:: Provided material ::

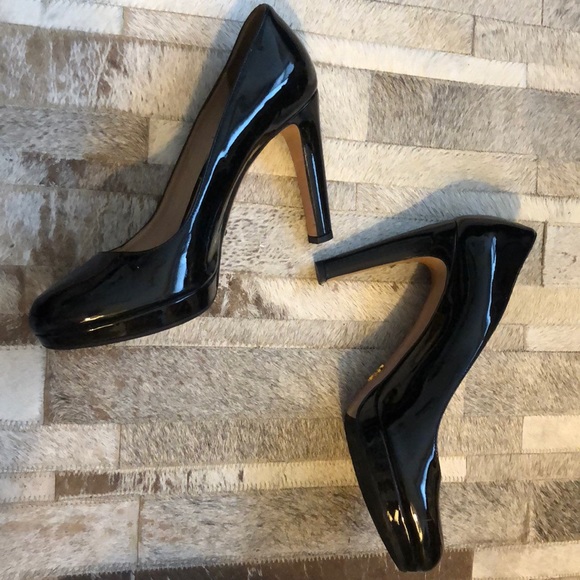 Prada Shoes - ♻️ LIKE NEW Prada Patent Pump size 7.5 black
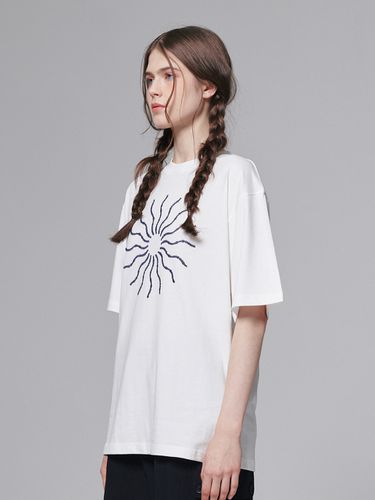 The Sun Volume Embroidered T-shirt_White - OUTSHELL - Modalova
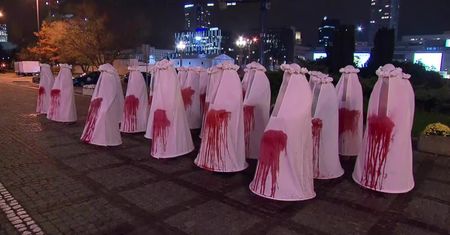 Nie ustają protesty po decyzji TK ws. aborcji. Performance aktorek przed Pałacem Kultury w Warszawie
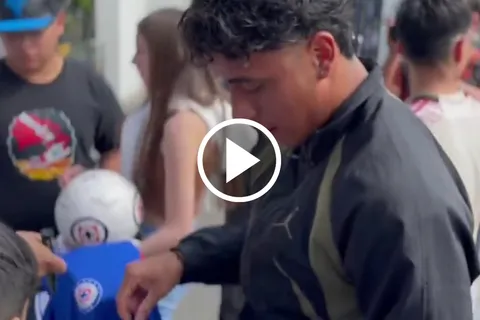 Amaury Morales gana terreno en el corazón de los aficionados.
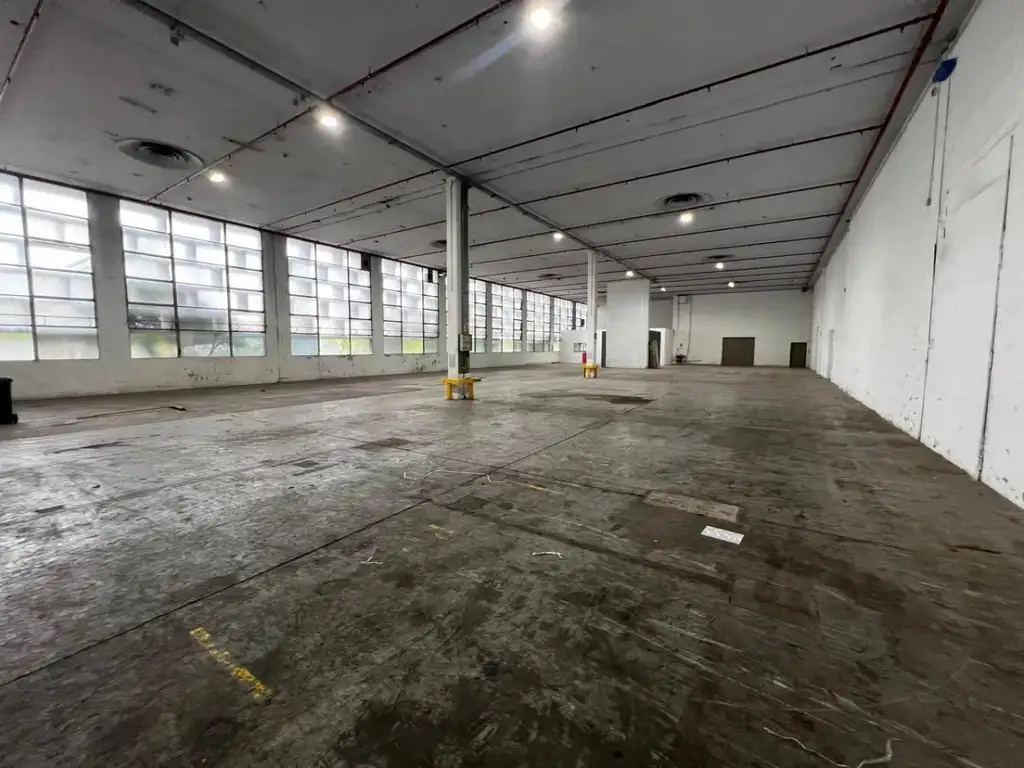 Foto de ALQUILER PREMIUM: Excelente Nave Industrial con Oficinas en Parque, imagen 4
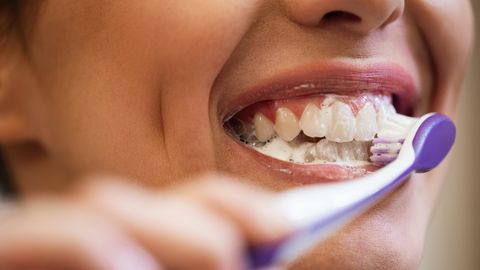 Hammaste puhastamisel unustatav samm, mida arstid soovitavad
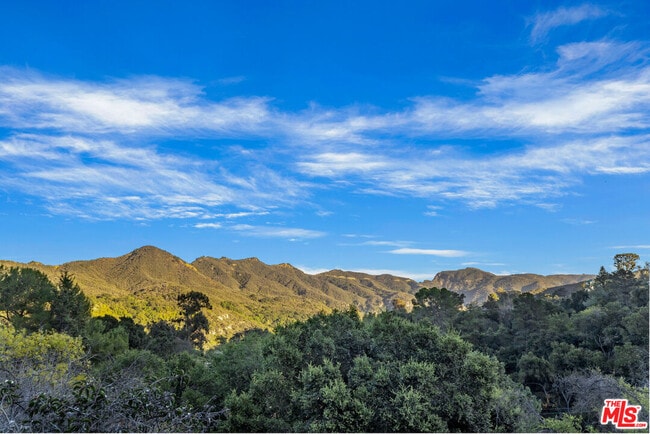 Building Photo - 913 Fernwood Pacific Dr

:::

**Task objective**
Carry over each record above character for character, with the pictures left out.

**Solution below**
 Prada Shoes - ♻️ LIKE NEW Prada Patent Pump size 7.5 black
 The Sun Volume Embroidered T-shirt_White - OUTSHELL - Modalova
 Nie ustają protesty po decyzji TK ws. aborcji. Performance aktorek przed Pałacem Kultury w Warszawie
 Amaury Morales gana terreno en el corazón de los aficionados.
 Foto de ALQUILER PREMIUM: Excelente Nave Industrial con Oficinas en Parque, imagen 4
 Hammaste puhastamisel unustatav samm, mida arstid soovitavad
 Building Photo - 913 Fernwood Pacific Dr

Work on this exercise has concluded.